Universal Music Italia s.r.l. consapevole di tutto quanto sopra e con l’intento di perseguire le diverse finalità sopra ricordate – tutela del patrimonio aziendale e reputazione, miglioramento della governance e dei rapporti con tutti gli stakeholders onde manifestare il proprio già presente e costante impegno per la legalità – ha dato incarico a propri consulenti di elaborare il modello di organizzazione e gestione.
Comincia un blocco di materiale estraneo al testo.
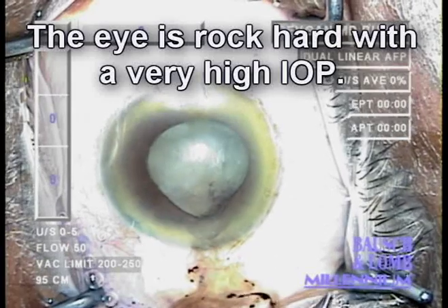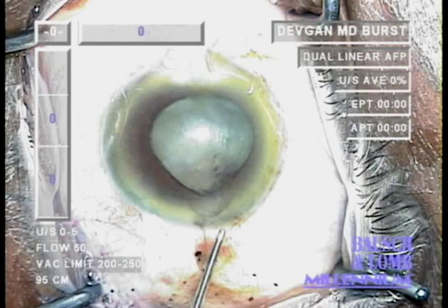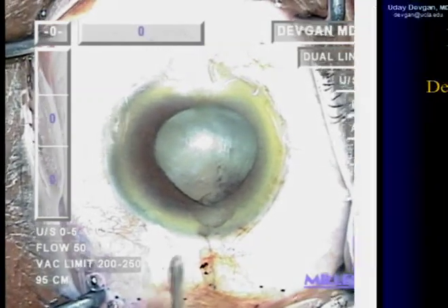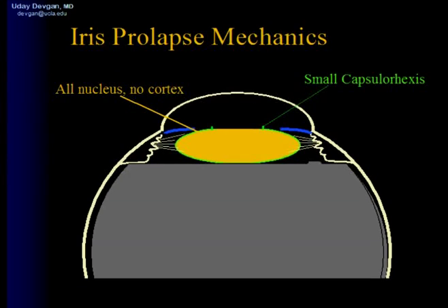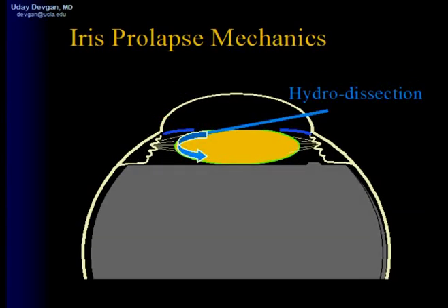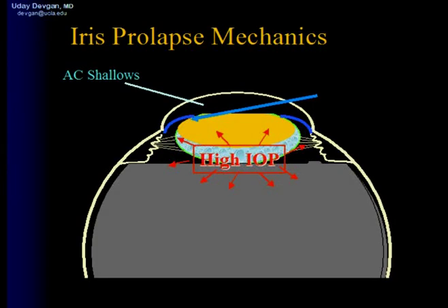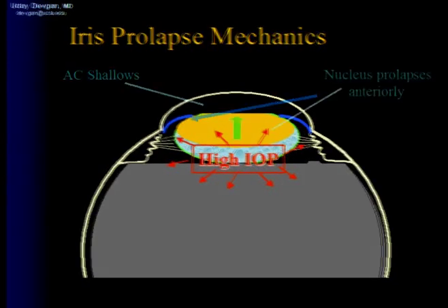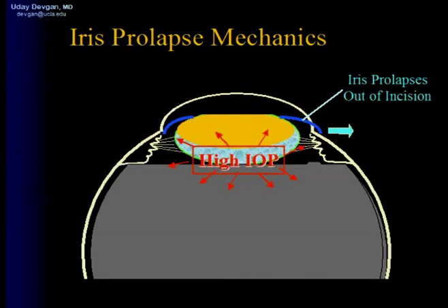The eye is rock hard right now and the intraocular pressure is very high. The patient is quite uncomfortable. So what's going on here? We have a very dense, large cataract. We ended up performing a relatively small capsulorrhexis. When we performed the hydrodissection, balanced salt solution became trapped behind the nucleus and that pushed the nucleus anteriorly. This caused a very high intraocular pressure rise, which caused the nucleus to move further anteriorly and the iris prolapses out of the incision.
4.2 IL METODO DI ELABORAZIONE
L’art. 6 comma 2 D.Lgs. 231/2001, tra i vari requisiti di idoneità del modello, stabilisce – al primo punto dell’elenco - che esso deve “individuare le attività nel cui ambito possono essere commessi reati” dovendosi fare riferimento per quest’ultima locuzione ai reati espressamente previsti dal D.Lgs. 231/2001.

Fase 1
In coerenza con il dettato del menzionato art. 6, in via preliminare è stata acquisita ed esaminata documentazione per rilevare l’assetto societario in termini di partecipazione al capitale sociale e alla “catena di controllo” e l’assetto sociale per quanto riguarda composizione e poteri degli organi sociali.
Oltre all’assetto dei poteri di rappresentanza nei confronti dei terzi, è stato analizzato l’organigramma interno.
Sono state inoltre acquisite ed esaminate le numerose procedure interne volte a regolare i processi aziendali e il codice etico.
Prima di procedere alla successiva fase e per rendere l’elaborazione del modello non una enunciazione teorica di clausole di stile ma effettivamente ancorato alla realtà, sono state anche esaminate le diverse attività svolte dalla società sotto forma di specifiche e peculiari situazioni capaci di evidenziare la necessità di approfondimenti su aspetti particolari quali, a titolo esemplificativo e non esaustivo, i rapporti con la Pubblica Amministrazione o la sicurezza sul lavoro.

Fase 2
Completata l’analisi in ordine alle attività svolte in concreto dalla società, si è proceduto ad individuare le fattispecie di reato ritenute rilevanti ex D.Lgs. 231/2001.
Non tutte le innumerevoli fattispecie previste da D.Lgs. 231/2001 determinano un rischio apprezzabile in relazione ad ogni e ciascuno degli enti che si apprestano ad elaborare il modello: ad esempio una società che opera nel campo del commercio di beni presenta dei rischi diversi – in base alla propria peculiare attività – rispetto ad un'altra di natura industriale; così come un intermediario finanziario presenta dei rischi diversi rispetto, ad esempio, ad una società che opera nel campo informatico.

Fase 3
E’ stato sviluppato quanto risultato nel c.d. “risk assessment”: per ogni funzione aziendale sono stati individuati i reati che presentano un rischio quantomeno apprezzabile e dei quali è stata data illustrazione al fine di consentire a tutti i destinatari del modello di comprendere i rischi e le ragioni sottese.

Fase 4
Una volta individuati e illustrati a tutti i destinatari del modello gli specifici rischi, l’organismo di vigilanza, una volta nominato e insediatosi e quindi nella pienezza della propria operatività, parteciperà attivamente, e di concerto con tutte le funzioni aziendali operative o di controllo, all’eventuale aggiornamento o implementazione delle procedure in conseguenza di specifiche, peculiari e concrete situazioni in ottica 231/2001 che si dovessero presentare.